Each year at Behooving Moving we send our editors, all keen urban cyclists, to cities at the vanguard of this crazy cycling revolution gripping the world. Their task: find the world’s number one cycling hot spot for the forthcoming year. Then, over a few bottles of cheap Dutch beer and those Danish short breads that come in kitsch tins, we get together here in the office and analyze each city in terms of the unhindered access to tarmac it provides the lover of all things urbane and bikish.
Keen cyclists will be relieved to learn Copenhagen was canned by our experts this time around. The blue lanes have become way too congested with slower than slow riders, while drivers there have become rather territorial about their precious car lanes—or "qwert asdfgh zxcvbn", as they say in Danish.
From Left: Los Angeles River Cyclepath, Rush Hour Prypiat, and three photos of this year’s winner. No, it’s not Paris. It’s not Brazilia either. Let me know if you picked it by this point.
Meanwhile, a life achievement award went this year to Los Angeles. Recognition for having paved an actual river for cyclists, has been long overdue, our judging panel decided, and when LA has done something about the John Travolta wannabes, drag racing cars there, LA might even win the Hot City.
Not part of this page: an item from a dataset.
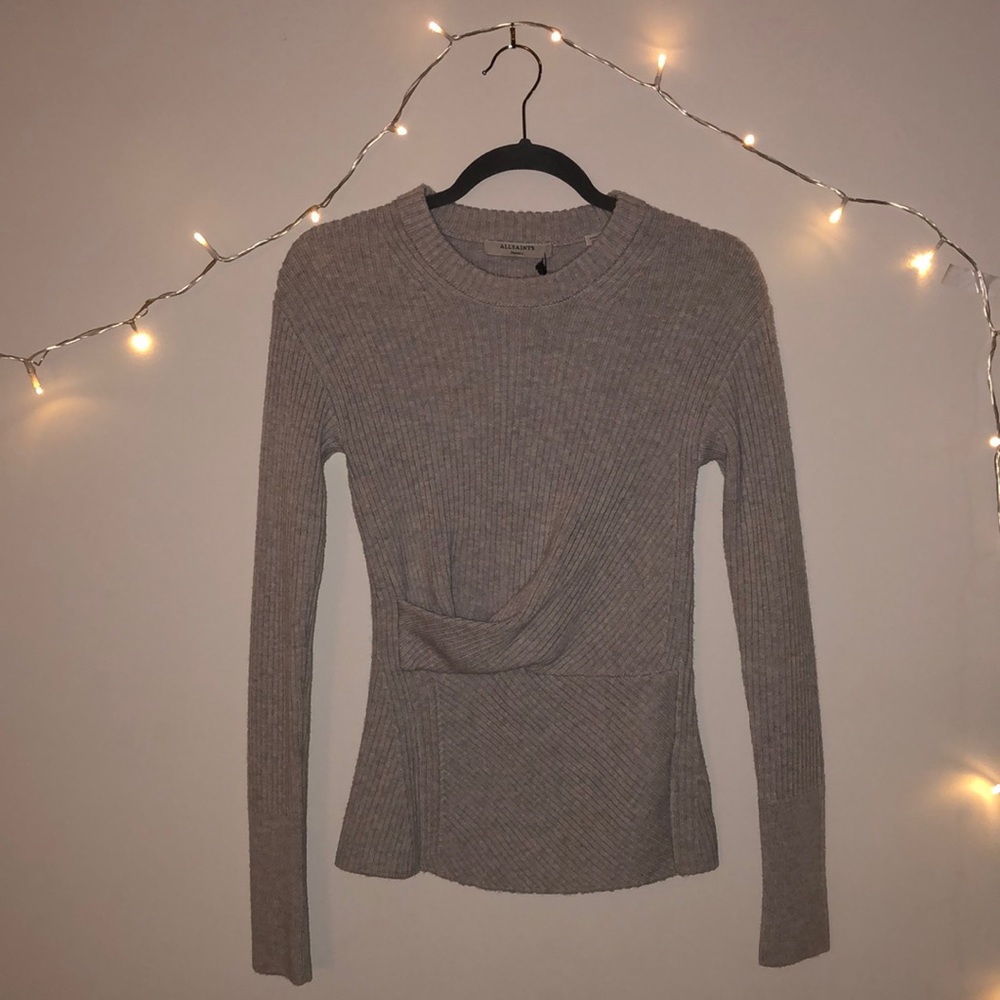 ALLSAINTS Long Sleeved Sweater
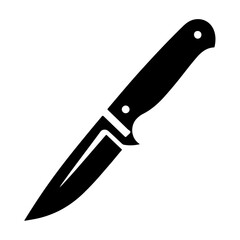 minimal knife icon, clipart, symbol, black color vector silhouette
Our runner up for the Hot City this year is the Ukranian city of Prypiat, once a model soviet new town, now awaiting confirmation that it’s safe to go in after Chernobyl; very much tarmac, and just a few deer and catastrophiliac tourists to have to contend with. To be worthy though of our highest of honours, a Behooving Moving Hot City must be some place with exiting cuisine (other than huge mutant Ukranian catfish), colourful people (pink, blue, the whole spectrum), architectural icons (no matter how plagiarized), massive weird shaped hotels, and acre upon acre of wide open tarmac via which the keen urban cyclist might explore said alien wonders.
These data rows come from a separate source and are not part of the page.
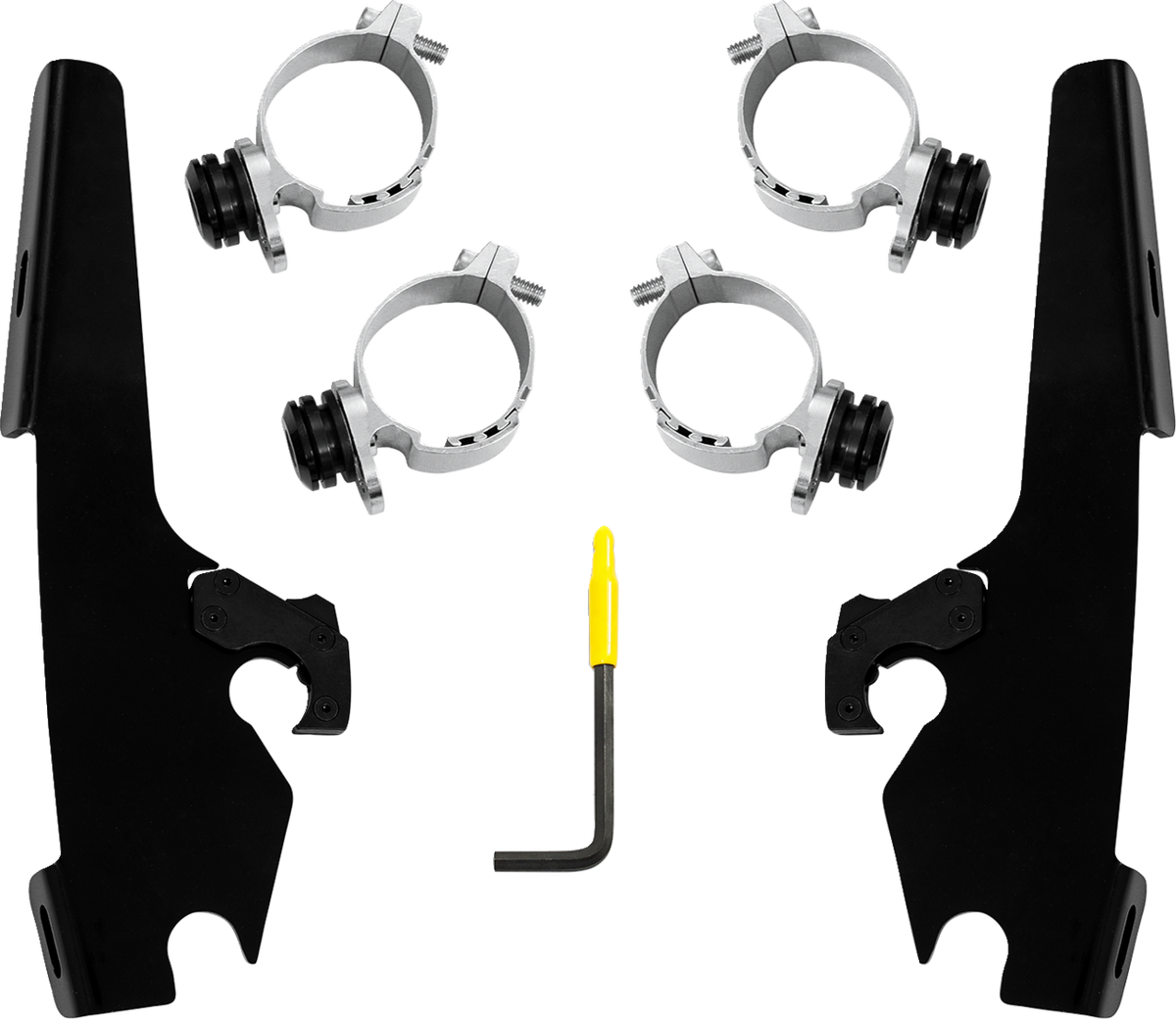 Memphis Shades Fats/Slim/Sportshield Mounting Kit - Black - Chief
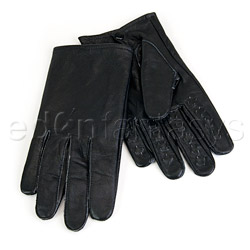 Leather vampire gloves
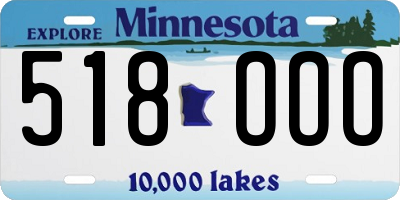 MN license plate 518OOO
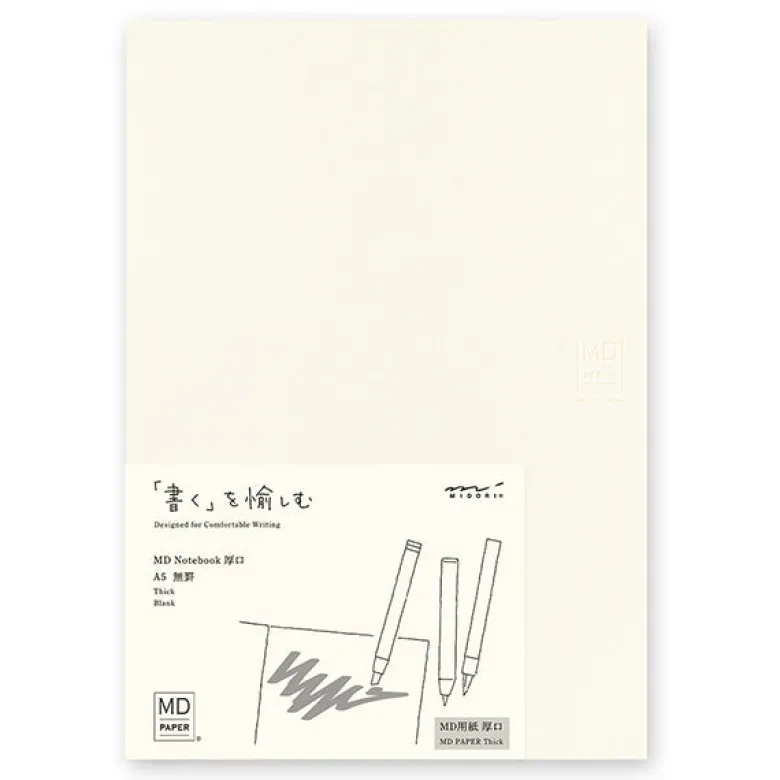Midori | Cuaderno MD Midori Notebook THICK A5 Liso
From Left: Pyongyang says welcome; Exiting and challenging cuisine; North Korea’s unnervingly friendly and colourful peopleoids.
Pyongyang, North Korea, has all this and more! Oh, and the cycling will leave you breathless, literally breathless, since there is no place at all giving a sense you have reached it. You will just keep riding past everything until you drop from exhaustion. And just look at all that wide empty road, waiting for Behooving Moving readers to commander to our ends.
The series of events leading to Pyongyang’s present state of velo-deliciousness, began with a humble diplomatic gift, of the kind nations exchange every day. A decision by the Union Cycliste Internationale (UCI) in 1987, to ban the Lotus 108 from competition, had left the British government with such an arsenal of banned bikes, it set about giving each of the world’s 194 leaders, a Lotus 108 as a present. The story goes that Kim Jong Il so loved his, that he rode it for hours, in such delirium that he never took note of the brake lever position. He just assumed there would be rod brakes, like on all bikes he had ridden. He ran into a stationary car, and while dusting himself off formed his grand vision: a totally paved nation, without any traffic.
Just like Paris, only without any cars.
If he has seemed ever since to be deliberately pissing everyone off, that isn’t quite true. He just wants to piss off any country with whom trade might lead to car acquisition among his exclusively foot-using people. Compare the images above with any you will find of Portland or Copenhagen, and you will have to admit, his thinking is genius, and Pyongyang is hot! It’s one thing to provide separate bike lanes, but to actually get rid of the cars altogether… now that deserves praise. The footpaths are busy, but roads wide enough to land planes on are completely deserted, by Kim’s design. We judge these to be the widest separated bike paths anywhere in the world, operating at less than one millionth of their cycling capacity.
A word of warning though. They may not be so empty for very much longer. Photos below show North Korea has herself joined the arms race, with attempts to develop her own monocoque carbon bicycles. As yet, these are still being built using steel, but we showed these photos to Lotus designer Mike Burrows, who for a whole minute just stared aghast. "Just months before we developed the Lotus," he said, "we started perforating our baskets." Yes, the principles of wind resistance are now known to North Korean scientists, with the development of banned weapons now just a matter of time.
From Left: Flying Pigeon enrichment facility in North Korea. King Jong Il inspecting North Korea’s Lotus 108s.
Knowing they may soon be a monocoque power, is giving North Koreans a new sense of confidence. They are looking at photos smuggled in over the border from China (old ones, admittedly), and are wanting mobility too. By 2012, thousands of North Koreans are likely to be time trialing Kim’s ultra wide bike paths on full carbon rigs. You may look at the two lonely cyclists in the last two photos below, and think they’re just idol rich kids, showing off their fancy news toys. Here at Behooving Moving, we think this could just be the start of a bike craze, on the scale of crazes in Asia. 2011 is the year, we say, to beat the rush and ride Pyongyang.